Question

Construct the incircle of the equilateral triangle whose one side is 8cm.

Answer 1

Hint: For an equilateral triangle circumcenter, orthocenter, centroid and incentre coincide and incircle touches the sides of the triangle at the foot of medians, altitudes, angular bisectors, perpendicular bisectors of the sides.

Complete step-by-step answer:

Construction of incircle:
1.Draw the equilateral triangle ABC of side 8 cm.

2. Now plot the centre of each side (D, E and F) and construct the medians( these medians will act as altitudes, angular bisectors, perpendicular bisectors of the sides).

3. We know incentre coincides with the centroid of triangle I, and the incircle touches the triangle at the foot of medians .
4. Now draw the circle with centroid I as the center and the foot of medians the points on incircle where incircle touches the sides.

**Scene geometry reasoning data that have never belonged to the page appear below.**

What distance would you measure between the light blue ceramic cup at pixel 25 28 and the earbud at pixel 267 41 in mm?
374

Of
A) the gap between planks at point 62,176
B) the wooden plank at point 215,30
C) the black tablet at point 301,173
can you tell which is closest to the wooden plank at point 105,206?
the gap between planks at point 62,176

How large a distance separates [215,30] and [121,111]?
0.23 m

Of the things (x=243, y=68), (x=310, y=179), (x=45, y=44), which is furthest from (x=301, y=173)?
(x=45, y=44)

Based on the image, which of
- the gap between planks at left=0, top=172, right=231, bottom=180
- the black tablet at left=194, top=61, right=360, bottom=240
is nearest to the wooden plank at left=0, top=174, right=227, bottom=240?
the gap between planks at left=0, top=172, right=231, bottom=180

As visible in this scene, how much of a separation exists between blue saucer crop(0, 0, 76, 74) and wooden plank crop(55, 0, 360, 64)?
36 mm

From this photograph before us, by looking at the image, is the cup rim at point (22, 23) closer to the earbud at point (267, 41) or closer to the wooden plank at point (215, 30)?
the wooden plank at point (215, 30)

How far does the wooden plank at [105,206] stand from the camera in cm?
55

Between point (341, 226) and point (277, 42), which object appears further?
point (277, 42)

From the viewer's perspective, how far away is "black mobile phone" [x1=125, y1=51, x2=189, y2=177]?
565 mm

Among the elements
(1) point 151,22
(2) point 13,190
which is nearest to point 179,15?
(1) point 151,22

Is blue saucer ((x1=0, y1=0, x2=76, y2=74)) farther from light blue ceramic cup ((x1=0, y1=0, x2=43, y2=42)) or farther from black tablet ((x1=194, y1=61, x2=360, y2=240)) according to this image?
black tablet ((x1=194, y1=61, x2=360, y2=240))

Hence, an incircle is constructed.

Note: We can calculate the centre using the following method.
As we know in the equilateral triangle circumcenter and the incenter coincides. So, the point of concurrency of the perpendicular bisectors gives us the circumcenter which is also the incentre in this case.
Now draw the circle with the obtained centre with the radius r.
Where r is defined as the in radius or radius of incircle. The radius of incircle is given by:
radius of incircle=$${\displaystyle \frac{abc}{4\mathrm{\Delta }}}$$
Where a, b, c are the sides of the triangle and $$\mathrm{\Delta }$$ is the area of the triangle. Here a=b=c and $$\Rightarrow r={\displaystyle \frac{2a}{\sqrt{3}}}$$
$$\Rightarrow r={\displaystyle \frac{2a}{\sqrt{3}}}$$
Therefore, the radius of the incircle is $${\displaystyle \frac{2a}{\sqrt{3}}}$$.